Best Moment: Many contenders. “Now I have a machine gun. Ho. Ho. Ho”; walking over broken glass, and of course “Yippee-ki-yay motherfucker” as delivered to Hans Gruber (Alan Rickman), a single iconic, meaningless, but badass phrase encapsulates everything ludicrous and genius about the greatest American action hero of them all, John McClane. However its introduction in this film is rather understated and anticlimactic so we're going to have to go with John jumping out of the exploding building with the fire hose around his midriff.
First-time visitors, amnesiacs and those who’ve been living under a rock for the past few months may not know in just what high regard we hold 1984’s genius sci-fi/fantasy comedy “Ghostbusters,” but surely no one else can have lived through the film’s 30th anniversary — which yielded such features as the Best Theme Songs of the ‘80s, and indeed a total, exhaustive ranking of all 35 films released in the summer of 1984 — and not realized that we’re all a little in love with the Ivan Reitman classic. We’ve even done a 5 Things You Might Not Know about it too. So yeah, we’re fans, and what’s not to love? The perfectly cast Bill Murray has never had a better role than an as the laconic Dr. Peter Venkman, and he has real chemistry, not just with his leading lady Sigourney Weaver, but with fellow Ghostbusters Dan Aykroyd, Harold Ramis (RIP) and Ernie Hudson. It may be older than half our staff, but when it comes to family-friendly but spooky supernatural hi-jinks, we know who we’re gonna call.
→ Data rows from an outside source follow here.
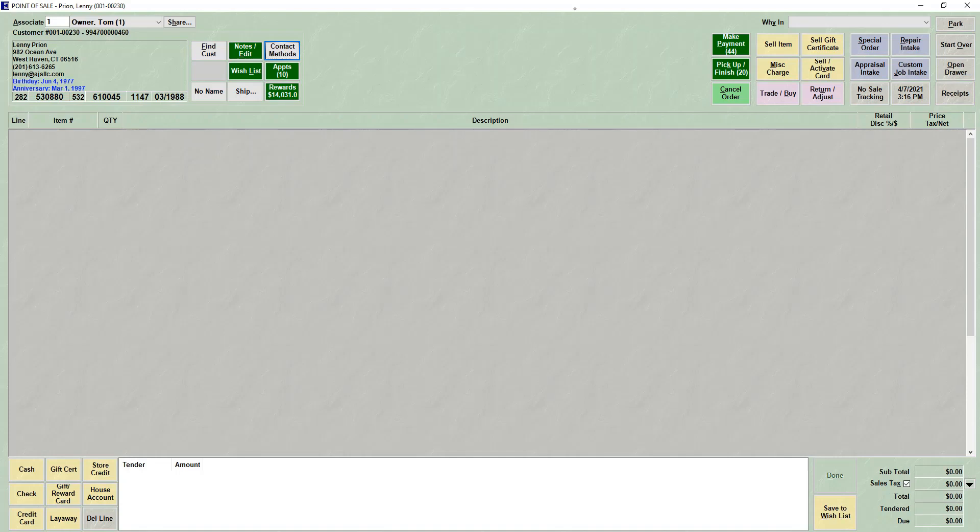Adding items to a wish list. To add items to a wish list in the Edge, you need to be at point of sale. You would choose the associate who's adding the items to the wish list and bring up the customer you are looking to add items to the wish list for.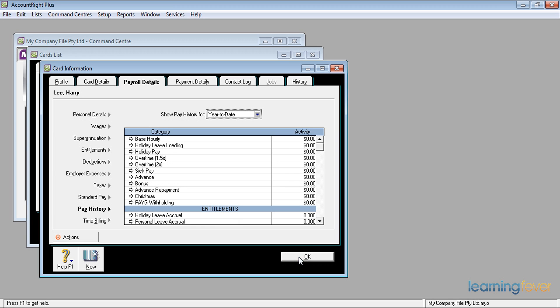If I need to print a payment summary or reprint a payment summary, I would need to go back to the payment summaries folder, find his PDF and reprint it from there.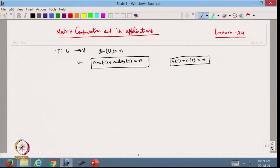In the previous lecture, we discussed that if we have a linear transformation from a vector space U to vector space V, and the dimension of vector space U is n, then by the rank-nullity theorem, the rank of T plus nullity of T will always equal n. This is the theorem we covered.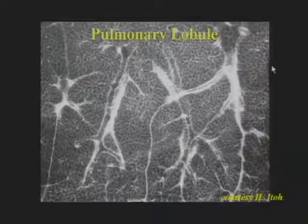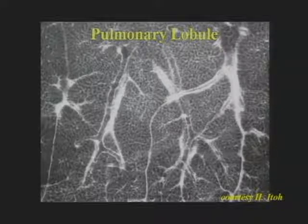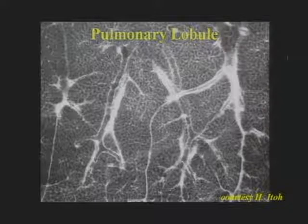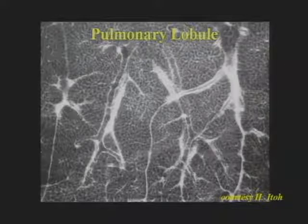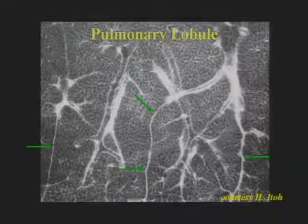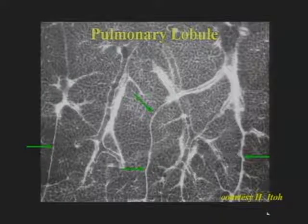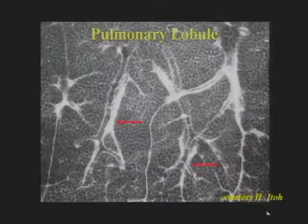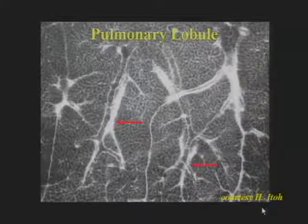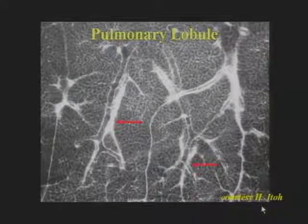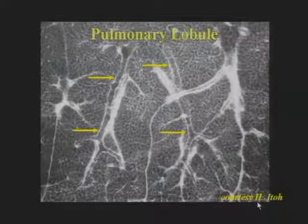I'm going to begin by briefly reviewing the anatomy of the secondary pulmonary lobule, and some of the abnormalities we identify because of abnormalities of the pulmonary lobule. This is a radiograph of a lung slice of two adjacent pulmonary lobules. The lobules are marginated by connective tissue interlobular septa, which contain pulmonary vein and lymphatic branches. In the center of the pulmonary lobule is a branching centrolobular artery, large enough to see on high-resolution CT. Adjacent to it is the centrolobular bronchiole, which is too thin-walled to be seen in normal subjects.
Best Moment: The end of the world nearly arrives in the shape of a skyscraper-tall version of a confectionery brand logo. Made out of marshmallow. Nothing really tops that for a perfect encapsulation of just how gonzo and lunatic this whole, inspired endeavor is.
Aka The Shark That Ate Hollywood, Steven Spielberg’s classic is of course the film that launched the very notion of a summer season, blowing everything else at the time, forgive us, out of the water and redefining the shape of the cinematic landscape forever (until two years later when the release of “Star Wars” proved that resistance to the summer blockbuster was futile). But “Jaws” isn’t here as a respectful tip of the hat to film history, it’s here because it is, quite simply, one of the greatest Hollywood films ever made, a seamless, lean, efficient, terrifying package that is so uncannily compelling that happening across it on TV randomly has on more than one occasion made us late for appointments — it’s near-impossible not to find yourself watching through to the very end. This is gravity-defying filmmaking that Spielberg would make his stock in trade, and came to so dominate the '80s and '90s that for us now it feels almost invisible, now just looks kind of like “how you make a film.” Yet even within Spielberg’s defining canon, “Jaws” stands out, from its “don’t show the villain too much” structure, to its neat and brilliant characterization (Robert Shaw’s Quint telling the story of the USS Indianapolis), to its iconic score and leap-out-of-your-skin timing — it’s as close to perfect a film as has ever been made.
Best Moment: Oh you know it: Roy Scheider is idly flinging chum into the boat’s wake, sulking and muttering about an argument with the other two, when suddenly the shark rears up out the water, instantaneously enormous, and is gone. All together now: “we’re gonna need a bigger boat.”